What to produce: Each record below should be reproduced as it is written, with pictures left out entirely.

[Crawled caption data]
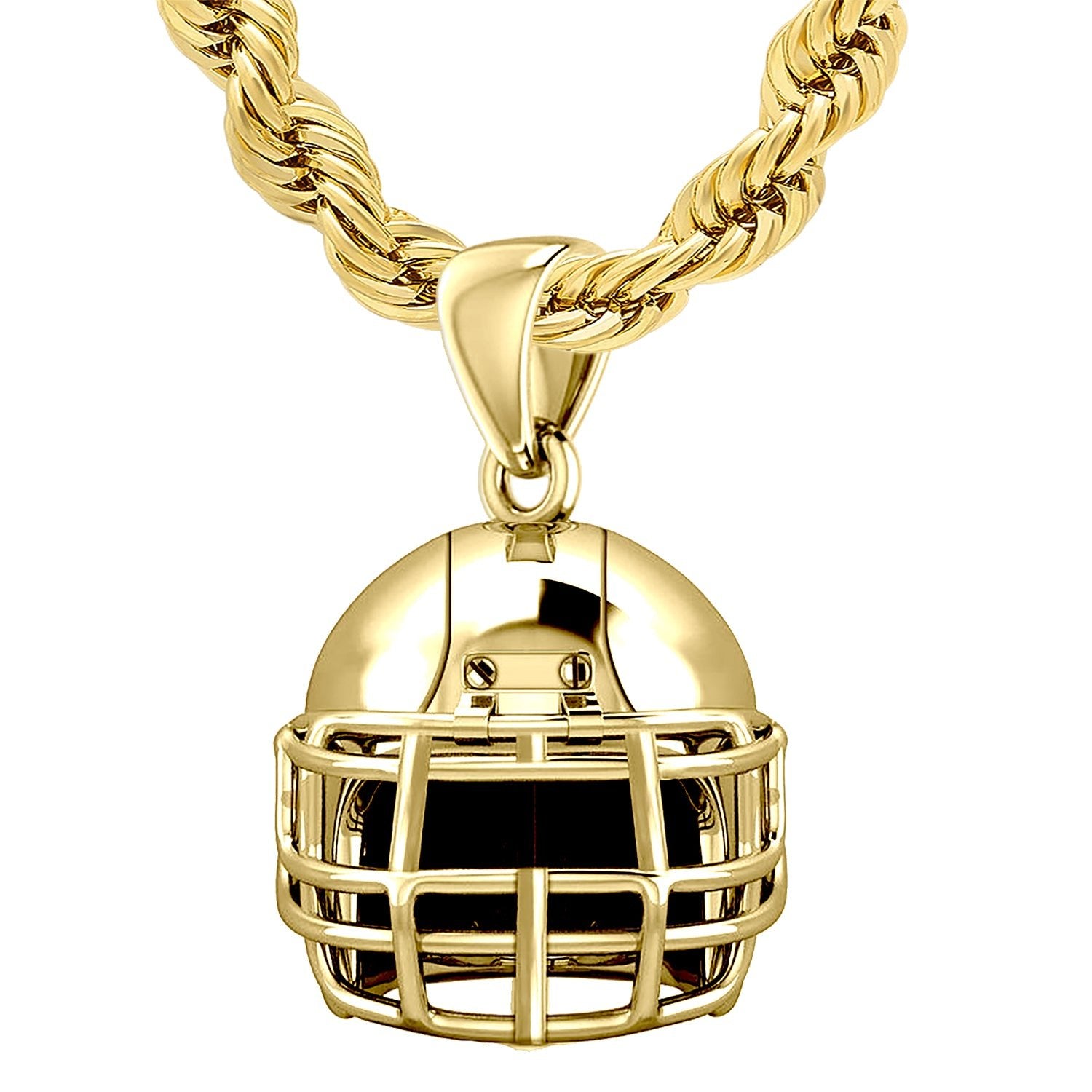 Large 10K or 14K Yellow Gold 3D Football Helmet Pendant Necklace, 22mm - US Jewels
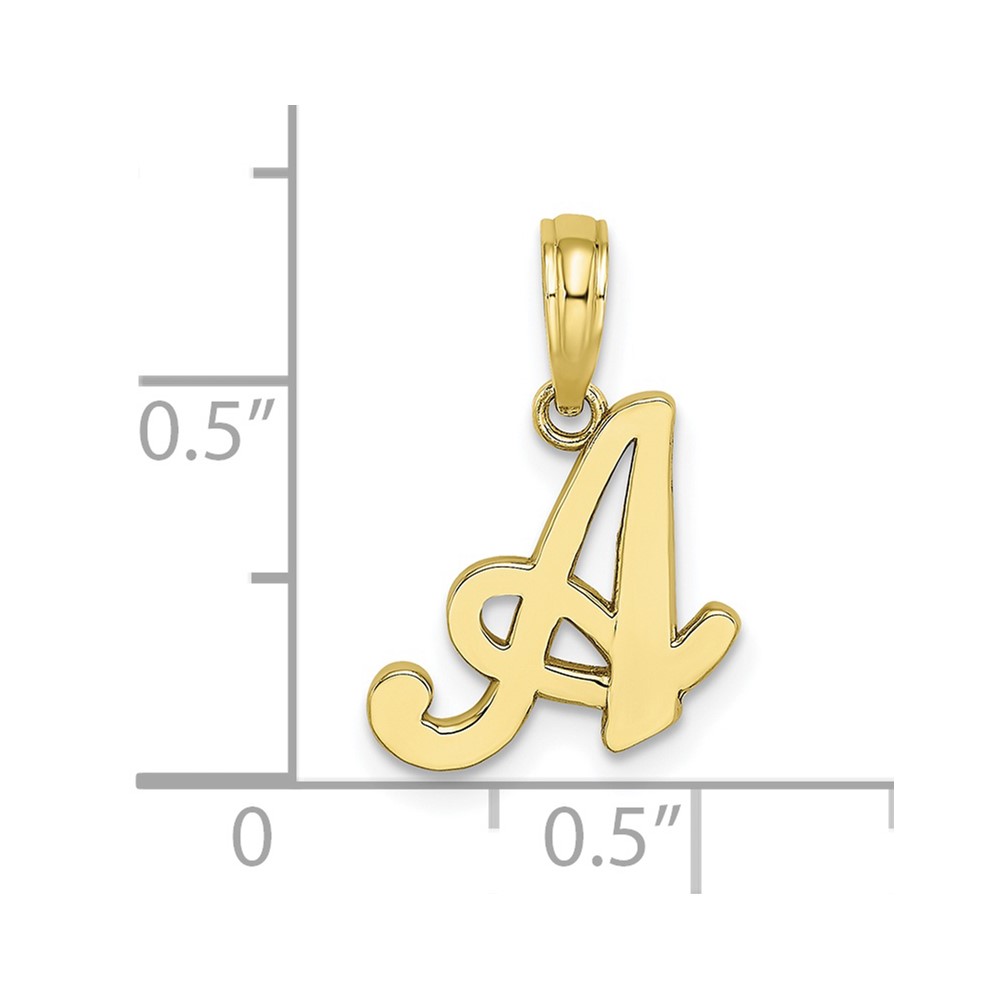 10K Polished A Script Initial Charm (10K6422A)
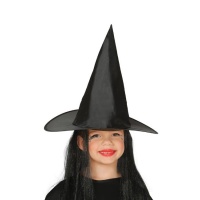 Sombrero de bruja negro con pelo para niña - 61 cm
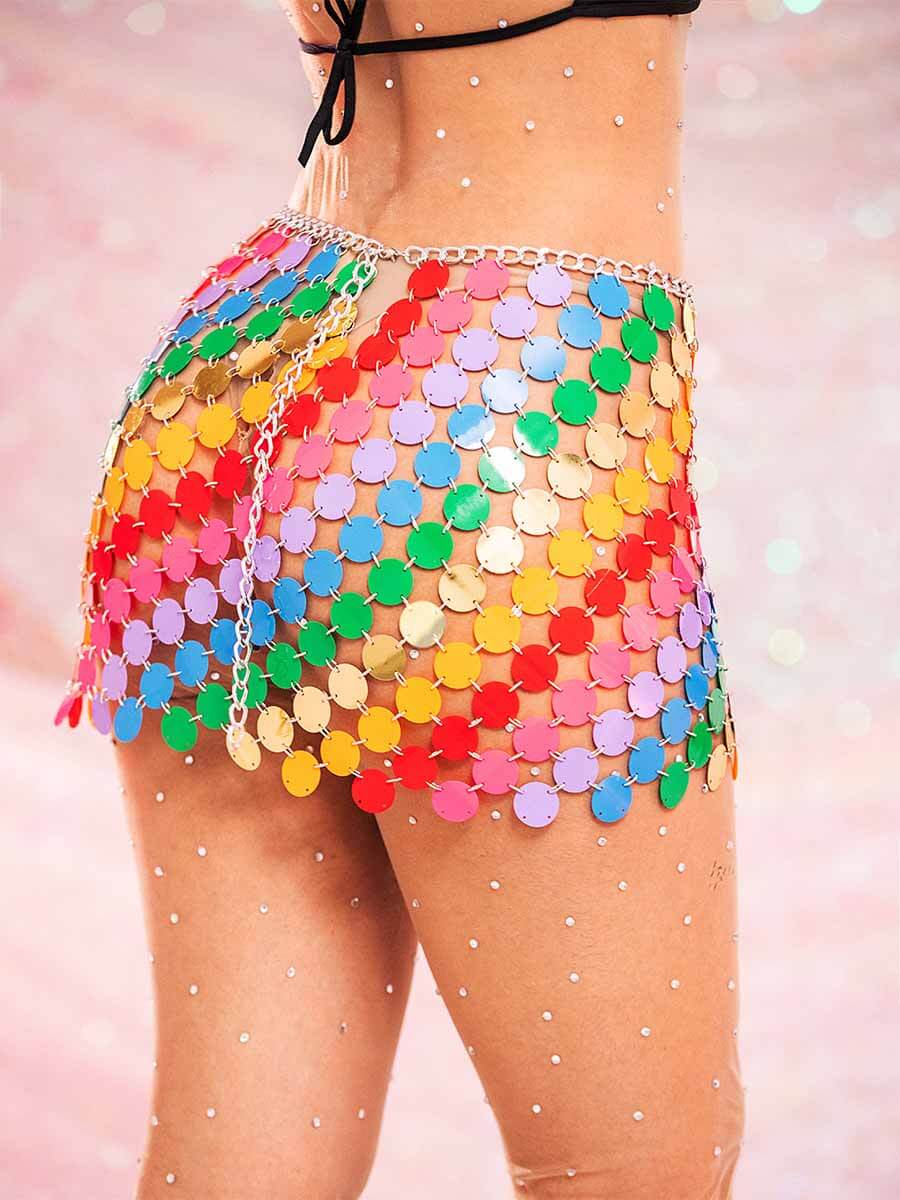Shiny Chainmail Mini Skirt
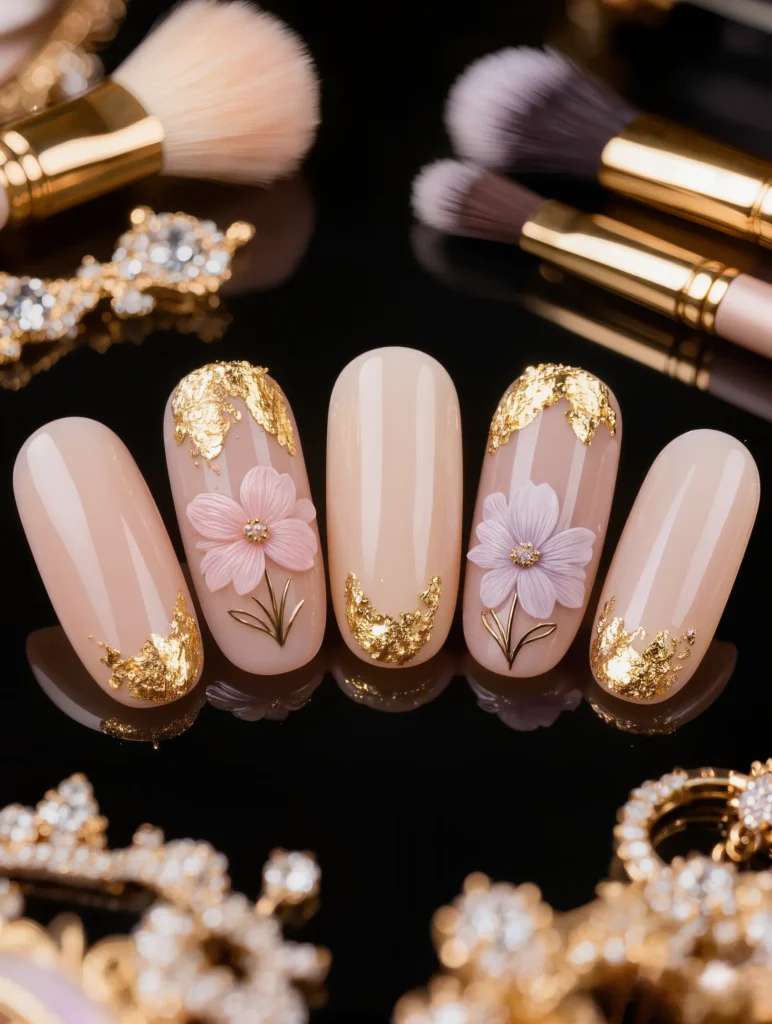 Gold Foil Floral Nail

Result for this task:
 Large 10K or 14K Yellow Gold 3D Football Helmet Pendant Necklace, 22mm - US Jewels
 10K Polished A Script Initial Charm (10K6422A)
 Sombrero de bruja negro con pelo para niña - 61 cm
Shiny Chainmail Mini Skirt
 Gold Foil Floral Nail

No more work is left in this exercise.